|By Barbara Miller Beem
BALTIMORE —In the four days leading up to Labor Day, the Baltimore Convention Center once again opened its doors to exhibitors, shoppers, and wares from all over the world as The Palm Beach Show Group presented the 38th Annual Baltimore Art, Antique & Jewelry Show. Lines began to form more than an hour before the doors opened to the public on Aug. 30, and a congenial atmosphere seem to pervade the cavernous space throughout the show.
A “more refined and curated selection of participating exhibitors,” some 350 in number, offered art, jewelry, and furniture, as well as silver, books, and decorative objects, according to Kelsi Hartmann, speaking for the show. “A great mix across the board,” she noted, adding that this marked the third year that the Baltimore Fine Craft Show was included. And indeed, covering the exhibition hall in one day was more feasible than before; the only thing impeding progress seemed to be buyers and sellers engaging in more conversations and exchanges than in times past.
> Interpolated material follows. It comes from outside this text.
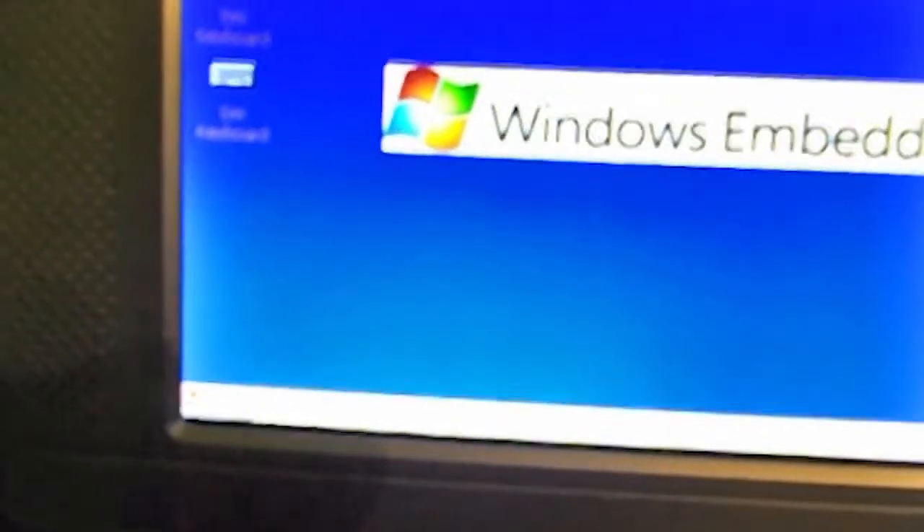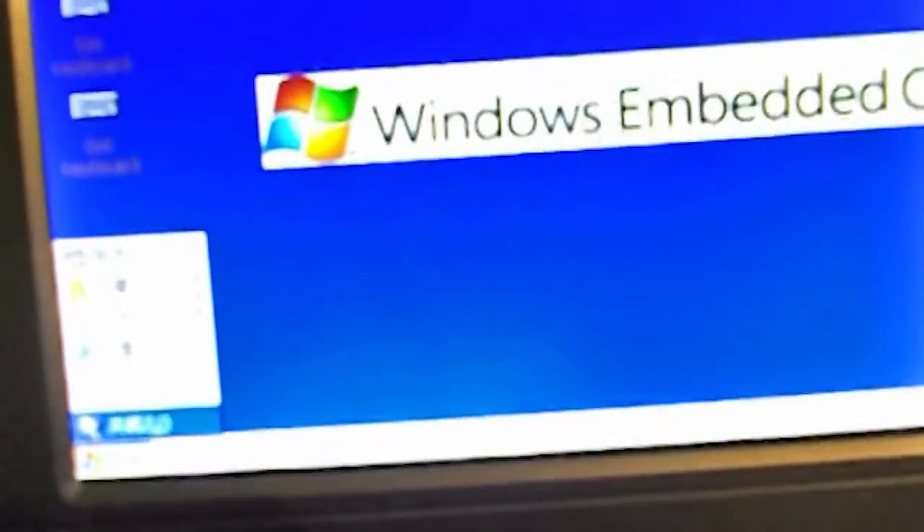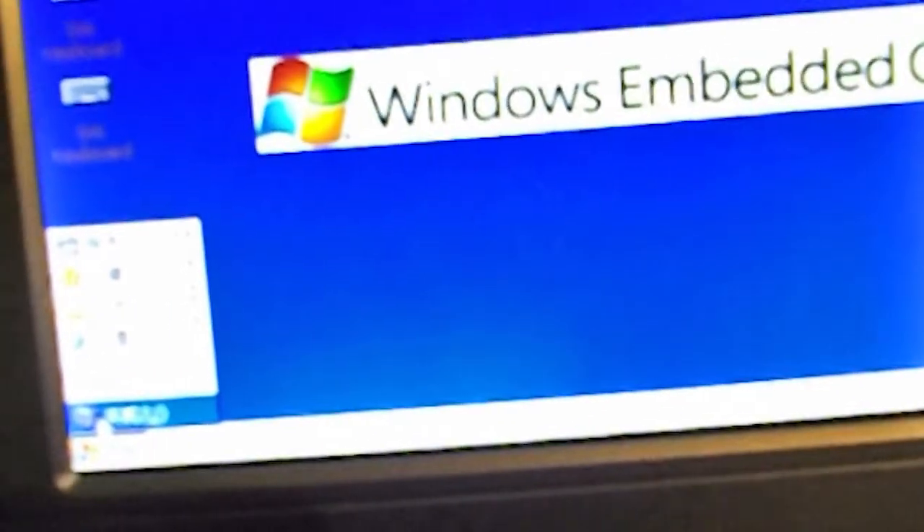Then go to the bottom and choose the last option. Everything is washed out, but choose the last one, which is the shutdown icon. If you are using Windows XP, you can probably recognize that icon.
Over the years, visitors to the show have come to expect the red carpet, the oversized and elaborate floral arrangements, and the cases and cases sparkling with magnificent diamonds. On the other hand, hometown touches abounded, with one bookseller offering children’s books for $2 to $5, and Pastrami, a golden retriever called a “travel dog” by his owner, Monroe Warsaw, visiting with an exhibitor friend and enjoying a drink of bottled water.
Among first day sales was a French dessert table, offered by Ed Weissman Fine Art and Antiques. Topped by a glass tray, the table, tagged “SOLD,” featured intricate figured mahogany inlay. Weissman, noting that other transactions had included porcelain, candlesticks, and paintings, remarked, “I’ve never had a bad show here.”
“I’m having a decent show,” said Bruce Beck, in between repeated queries from potential customers. Trading as “The Button Box,” Beck has exhibited at the Baltimore show for approximately 15 years. Halfway through the show, he had sold “Tiffany pieces, Gallé glass, and lots of boxes – I’m known for my boxes.” A renowned button specialist, he was one of several participants to offer a “booth talk;” his topic was “The Colorful World of Buttons.”
The Baltimore show has long been known for its depth of silver dealers, and two important silver makers, Stieff and Kirk, were once rooted in the city. Carrying on the tradition at the show were a number of booths with gleaming silver, including the locally based Pikesville Jewelers. Owner Marc Schauder rued the fact that silver “doesn’t fit in with the lifestyles of the very young,” but for 27 years “at least,” he has been a part of this show, “filling in” for customers with a missing fork or broken knife, as well as offering complete sets.
For years, M.S. Rau Antiques of New Orleans has dazzled show goers with amazing treasures, all at the same prime spot on the floor, and this year was no exception. When pressed to select one item with the greatest “wow” factor (and after stating that you cannot have a favorite child), Bill Rau led the way to a seaside painting entitled South of France, Cap d’Ali. Painted by Winston Churchill, an artist that Rau characterized as good on any day, “This was done on a great day. I can say that because it holds its own with Monet,” as he pointed to a nearby work by the French artist. A photograph of Churchill painting the picture accompanied the work. The price was $1.45 million.
On the other hand, two large portraits by Doug Powell, one of John Lennon and the other of Jerry Garcia, drew considerable attention, in large part because of the unusual medium: upcycled computer keys. Carefully selected retired caps were chosen for their color as well as their part in spelling out messages on these mosaic-like works. Careful examination of the face of the former Beatle uncovered “A dream you dream alone is only a dream. A dream you dream together is reality.”
And although the antiquarian book section of the show showcased but 13 dealers this year, there were few complaints. Joshua Mann of B & B Books in New York City noted that he has been participating in the show “since ’06 or ’07.” He continued, “There are not many book fairs in the region but a lot of book collectors.” He characterized the Baltimore show as “a good opportunity to make connections, face time with local customers. At a show like this, one customer can make a show.”
Indeed, Hartmann summed up the show by saying, “Baltimore has always been a mid-Atlantic collector’s destination.” She added that plans are already under way for next year. “This show truly is a treasure hunt.”